Zum Auftakt dieser Regatta gab es zwei Up-and-Downs und ein Coastal Race über zwölf Meilen. „Der Wind zu den Up-and-Downs war gut in der Stärke, aber mitunter sehr drehend. Insgesamt war es aber handhabbar“, berichtete Wettfahrtleiter Peter Doepgen.
Am Nachmittag schickte er die Crews in beiden Gruppen noch auf ein Küstenrennen über zwölf Seemeilen in Richtung Eckernförder Bucht und zurück. „Bis 18.02 Uhr hatten wir alle im Ziel. Es war nicht ganz einfach, da der Wind zwischendurch komplett einbrach und danach aus entgegengesetzter Richtung wieder einsetzte.
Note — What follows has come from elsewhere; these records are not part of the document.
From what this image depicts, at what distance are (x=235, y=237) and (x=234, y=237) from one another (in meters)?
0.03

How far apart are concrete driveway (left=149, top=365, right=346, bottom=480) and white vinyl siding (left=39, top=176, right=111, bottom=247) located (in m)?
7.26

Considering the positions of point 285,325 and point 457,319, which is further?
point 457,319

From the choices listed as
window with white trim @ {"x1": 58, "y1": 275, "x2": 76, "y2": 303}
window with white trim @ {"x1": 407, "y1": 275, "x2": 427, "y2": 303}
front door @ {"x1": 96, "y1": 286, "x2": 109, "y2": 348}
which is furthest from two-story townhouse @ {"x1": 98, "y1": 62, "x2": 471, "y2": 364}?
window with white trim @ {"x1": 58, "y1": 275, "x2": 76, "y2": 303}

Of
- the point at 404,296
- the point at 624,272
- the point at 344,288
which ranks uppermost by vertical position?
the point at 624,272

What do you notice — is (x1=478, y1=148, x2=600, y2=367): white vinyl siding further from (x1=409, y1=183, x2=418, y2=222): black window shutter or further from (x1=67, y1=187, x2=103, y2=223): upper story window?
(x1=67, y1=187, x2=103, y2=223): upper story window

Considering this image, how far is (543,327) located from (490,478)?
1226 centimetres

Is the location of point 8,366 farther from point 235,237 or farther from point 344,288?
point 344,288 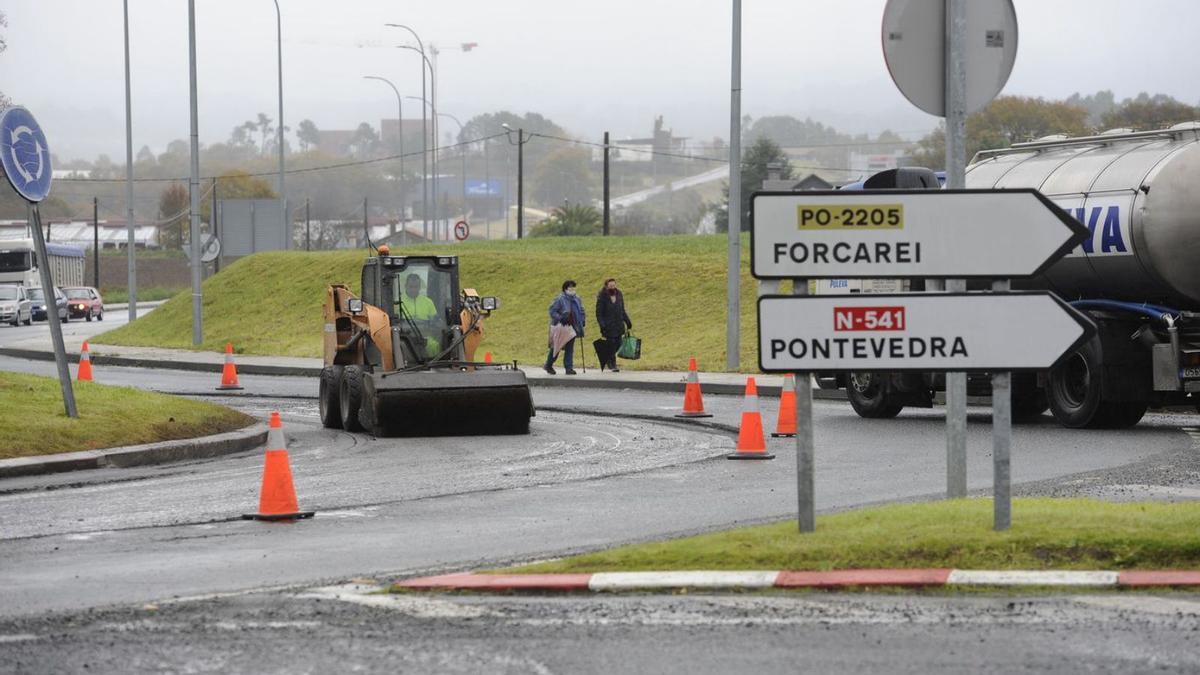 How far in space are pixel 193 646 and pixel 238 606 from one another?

So hatten wir die besondere Situation, dass die Yachten unter Spi lossegelten und später unter Spi wieder zurückkamen“, so Doepgen.
Bei den großen Yachten zeigte die einzige internationale Yacht unter den elf Teilnehmern auf den Up-and-Downs eine starke Performance. Der Däne Peter Buhl fuhr mit seiner „Sirena“ zwei Siege ein. Im Coastal Race kassierte er zwar einen siebten Rang, kann den aber momentan streichen, um an der Spitze zu bleiben. Zwei kurze Aufs und ein tiefes Ab gab es für die „Halbtrocken 4.5“ von Michael Berghorn (Kiel) und seiner Crew. Bei den Up-and-Downs zweimal top, gab es im Coastal Race einen letzten Platz für die Weltmeister von 2021. Sie wahren aber vorerst den Silberrang vor der „Passion X“ vor Andreas Wulfes (Bremen).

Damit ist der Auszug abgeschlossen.